The effectiveness of a pesticide as well as the hazards of harmful residues depends largely on how long the pesticide remains in the soil. For example, DDT, a chlorinated hydrocarbon, has a half-life of three years in cultivated soils, while organophosphorus insecticides persist for only days or months. Insecticides persist longer if worked into the soil than if left on the surface. Herbicides applied to soils may not persist at all or may persist up to two years or longer, depending on the compound. Eventually, all pesticides disappear because of evaporation and vaporization, leaching, plant uptake, chemical and microbial decomposition, and photodecomposition.

Maintenance of specific soil acidities is important in soil management because it controls the adaptation of various crops and native vegetation to different soils. The ordinary procedure for correcting excess soil acidity is the application of lime in the form of limestone, dolomitic limestone, or burnt lime. About 18.14 million metric tons of limestone are used annually on United States farms. When lime is added, the hydrogen of the complex soil colloid is exchanged for the calcium of lime.

The mechanical loss of fertile topsoil is one of the greatest problems of agriculture. Such loss is almost always caused by erosion resulting from the action of water or wind.
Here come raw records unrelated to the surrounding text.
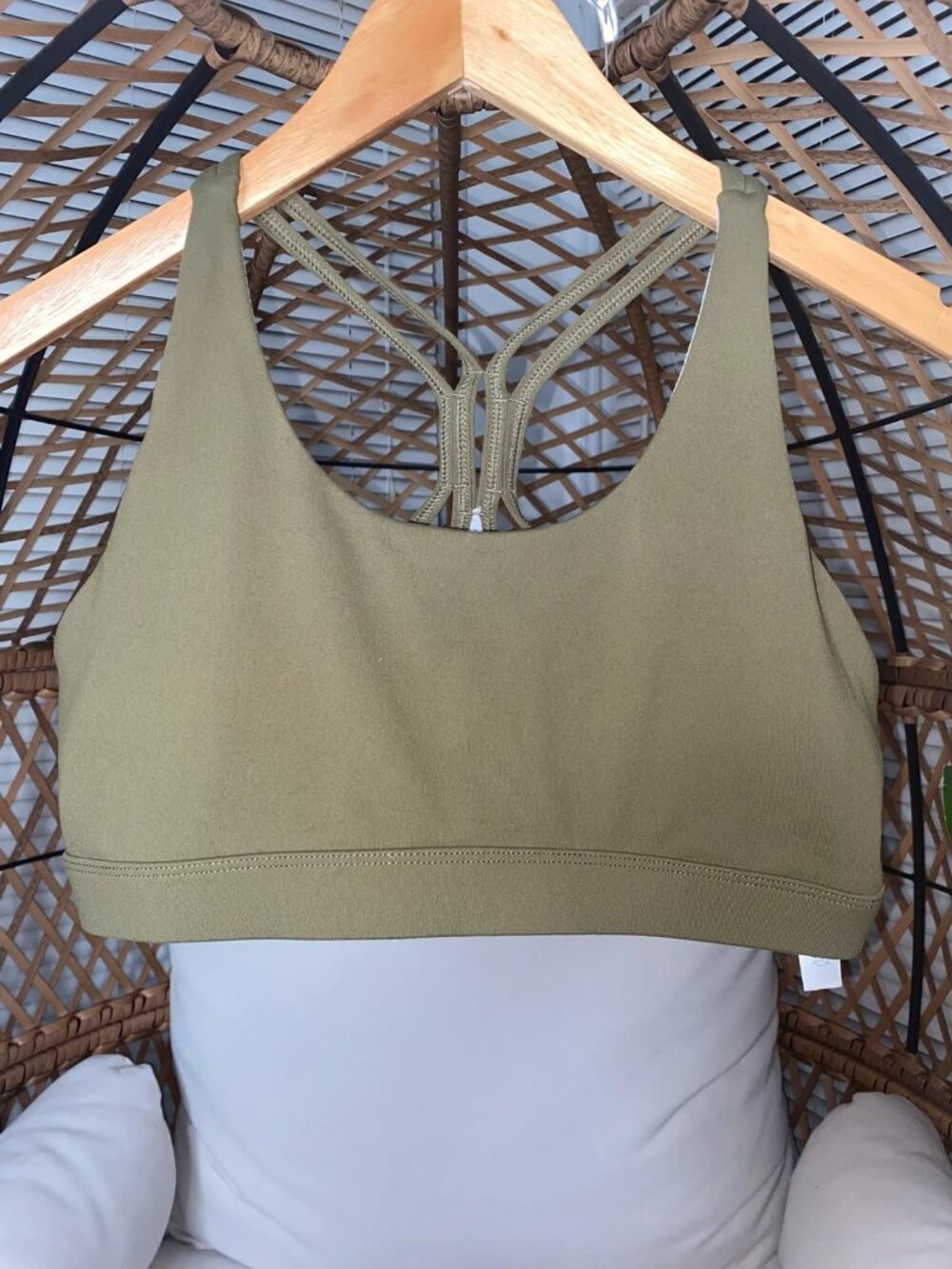 Nanette Women’s Strappy Sports Bra Size Medium
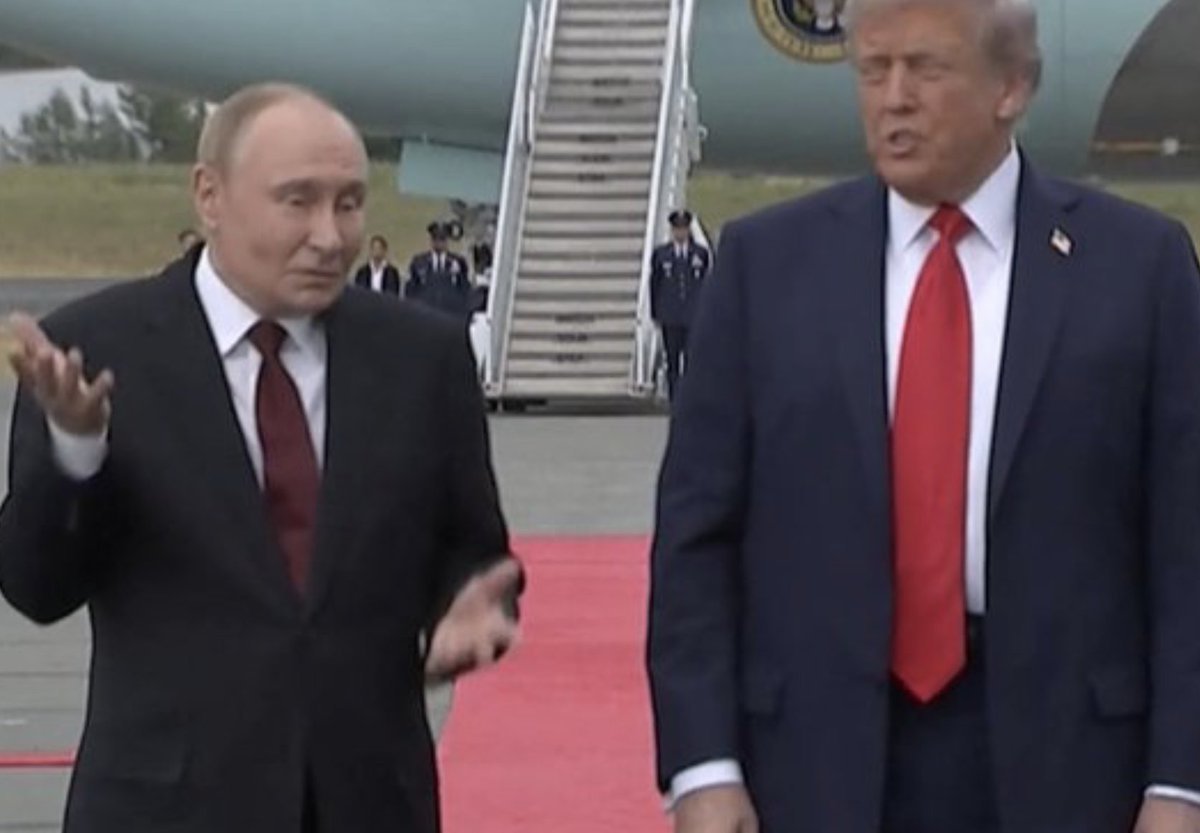 WarMonitor3's tweet image. President Putin shrugged after a journalist shouted out.

"President Putin will you stop killing civilians"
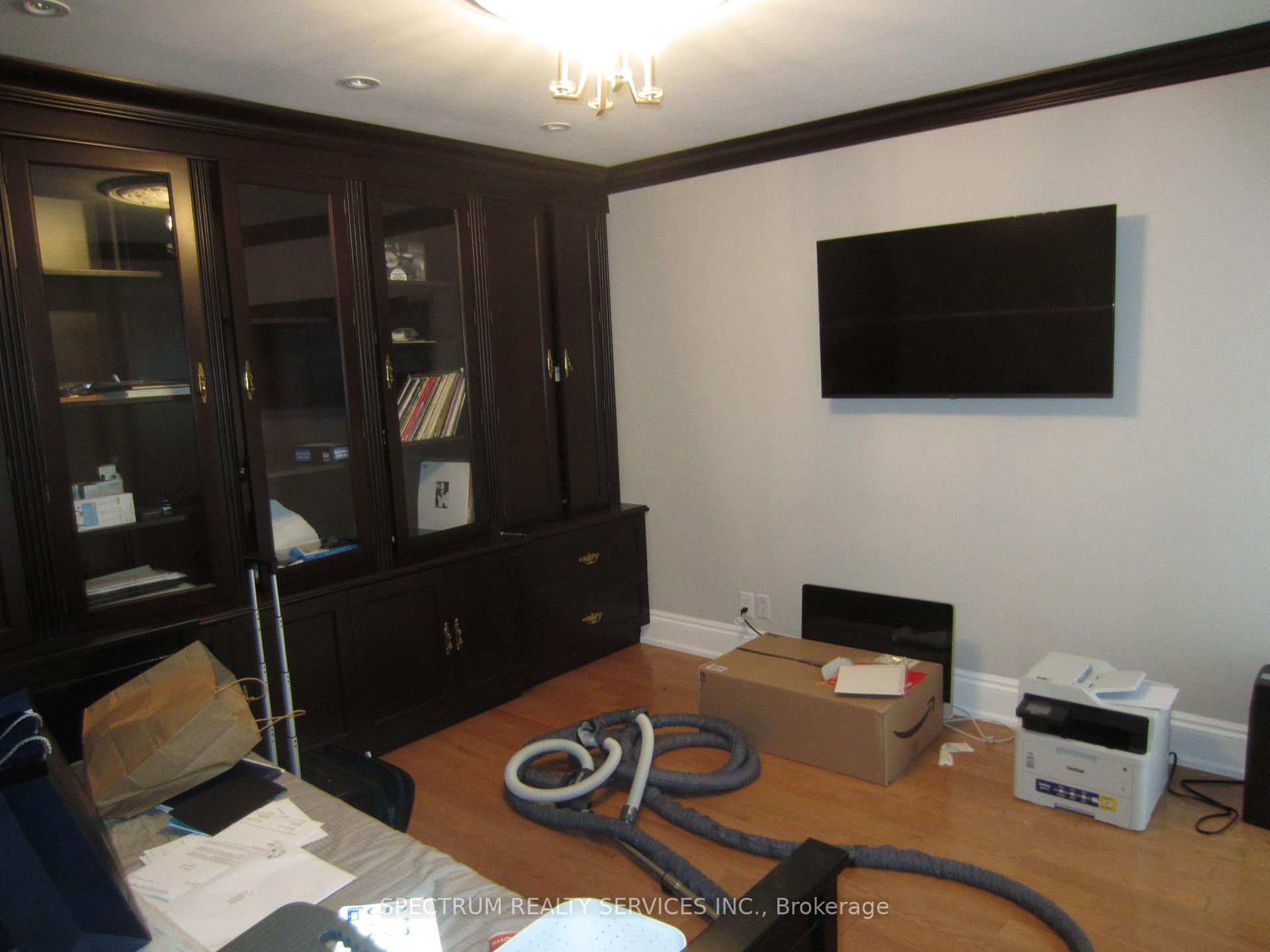 Photo 9 of 135 Hayhoe Avenue, Vaughan, East Woodbridge — HOMEH
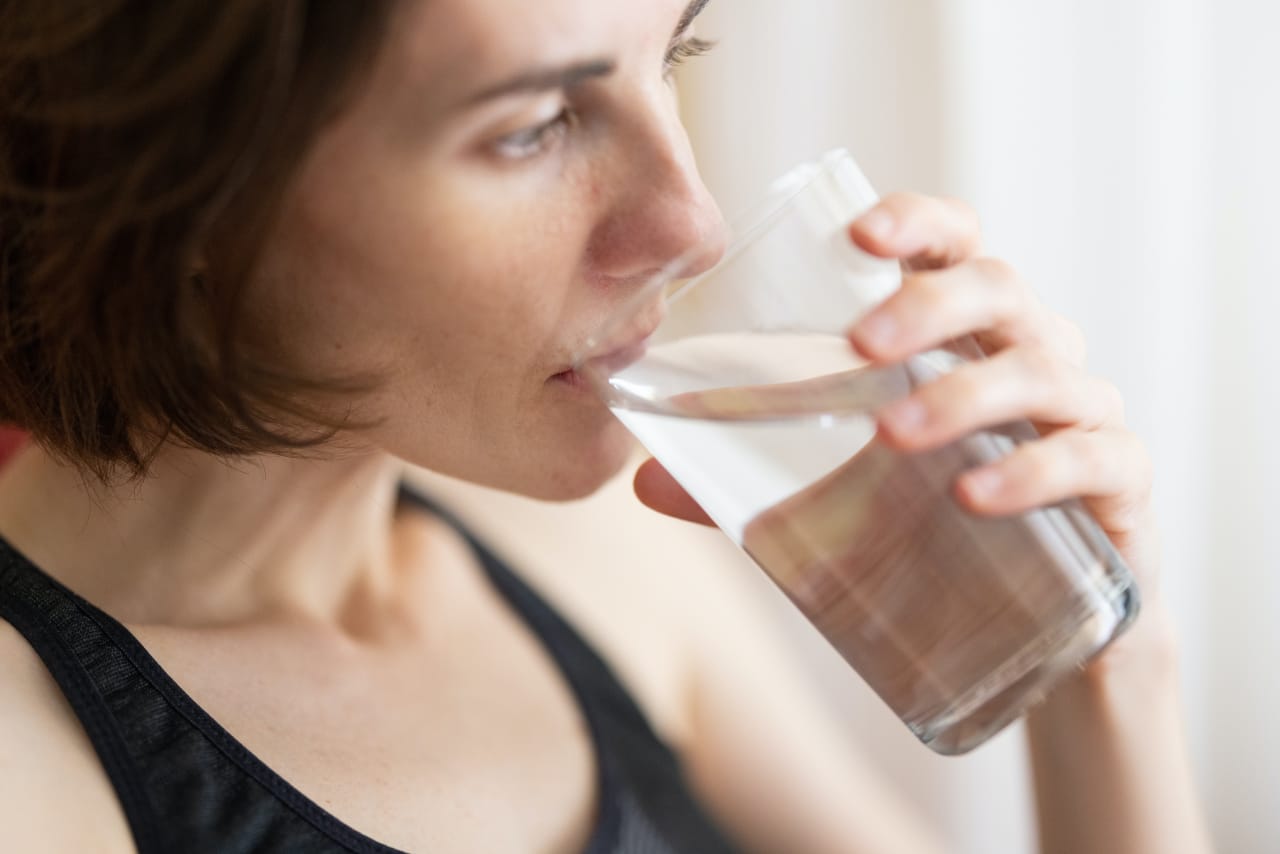 Idratazione: tutti i consigli per bere più acqua ogni giorno per la tua salute e il tuo benessere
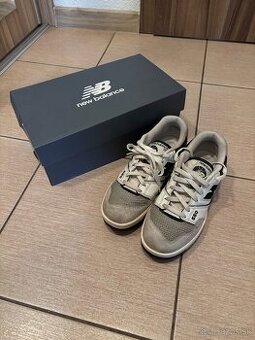 New Balance 550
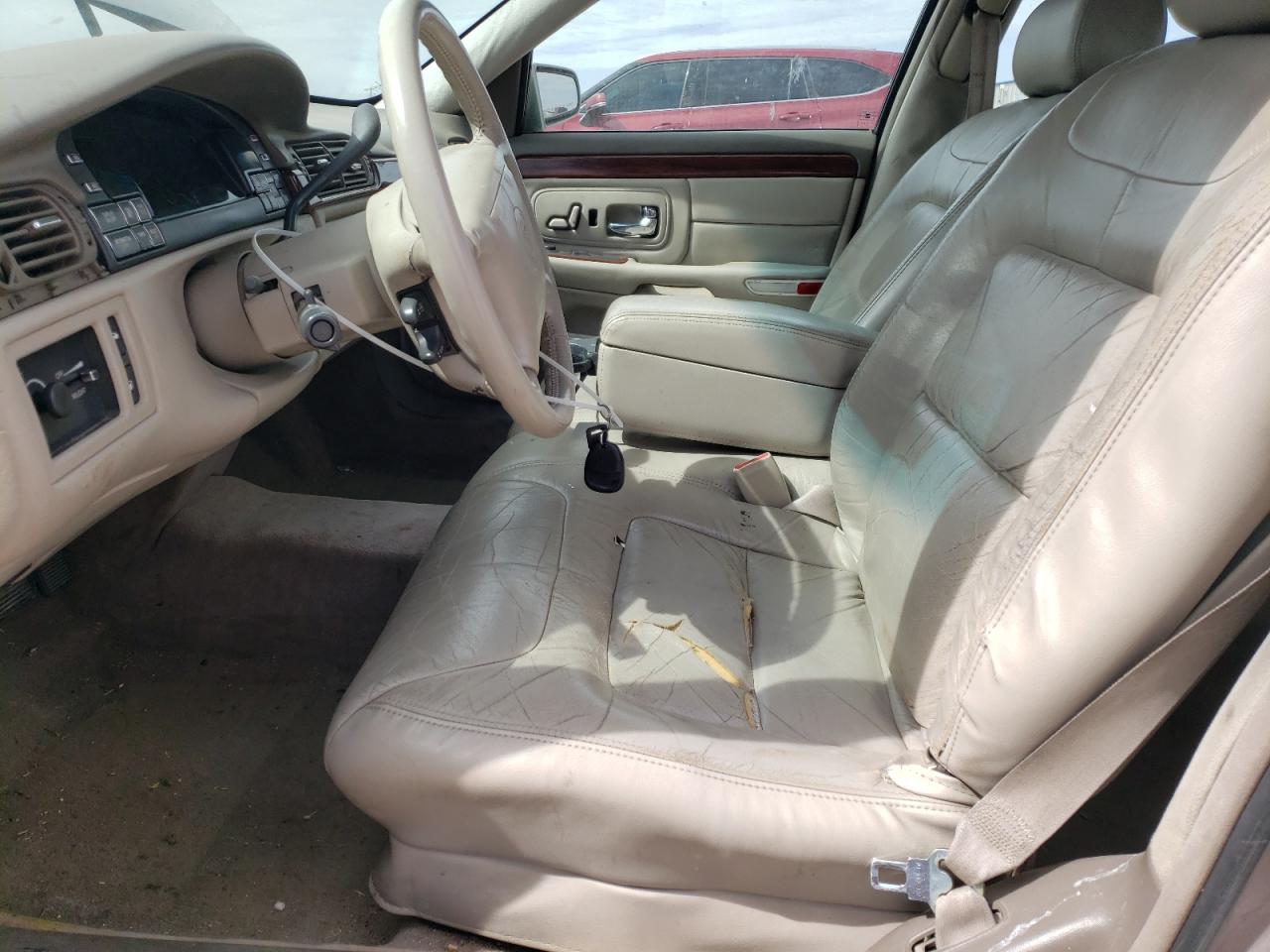 1998 Cadillac De Ville VIN 1G6KD54Y2WU797558 Copart auction photo, side / front end damage thumbnail 7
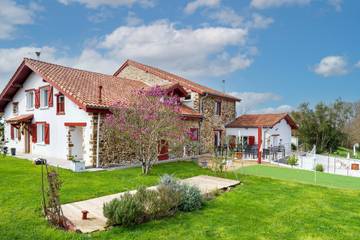 Alojamiento Y Desayuno para 2 Personas en La Bastide-Clairence, Pais Vasco Frances, Foto 2
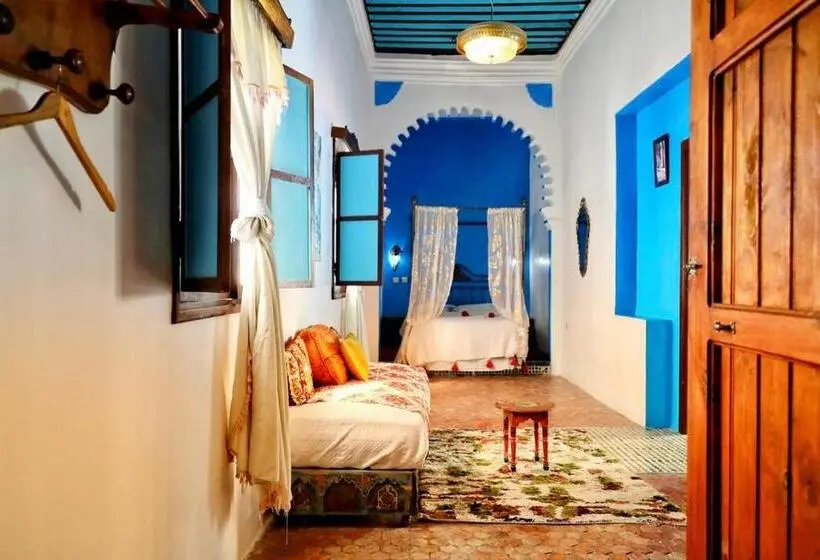 اتاق راحتی, Riad Khmisa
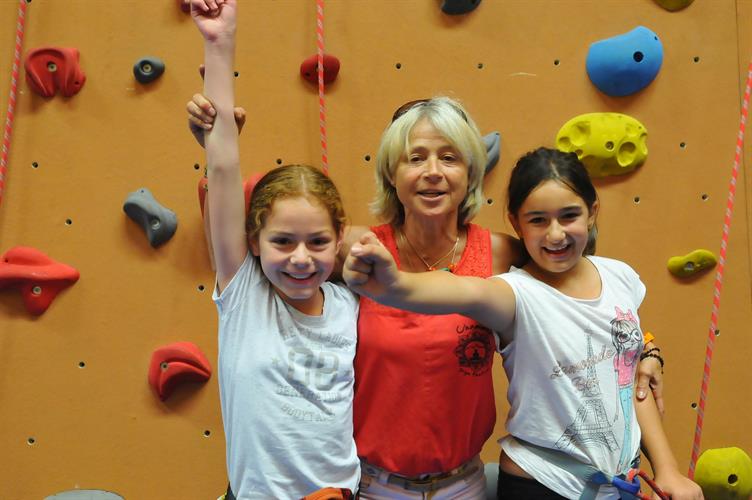 Après cette époustouflante compétition, les 2 championnes félicitées par Christine !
According to the U.S. Department of Agriculture, more than half of all fertile U.S. topsoil has been damaged to some extent by erosion. Commonly implemented practices to slow soil transport include terraces and diversions. Terraces, diversions, and many other erosion "control" practices are largely unnecessary if the ground stays covered year-round.

Irrigation may be defined as the science of artificial application of water to the land or soil. It is used to assist in the growing of agricultural crops, maintenance of landscapes, and revegetation of disturbed soils in dry areas and during periods of inadequate rainfall. Additionally, irrigation also has a few other uses in crop production, which include protecting plants against frost, suppressing weed growing in grain fields and helping in preventing soil consolidation.



Various types of irrigation techniques differ in how the water obtained from the source is distributed within the field. In general, the goal is to supply the entire field uniformly with water, so that each plant has the amount of water it needs, neither too much nor too little. The modern methods are surface irrigation, localized irrigation, drip irrigation, sprinkler irrigation, center pivot irrigation, sub-irrigation.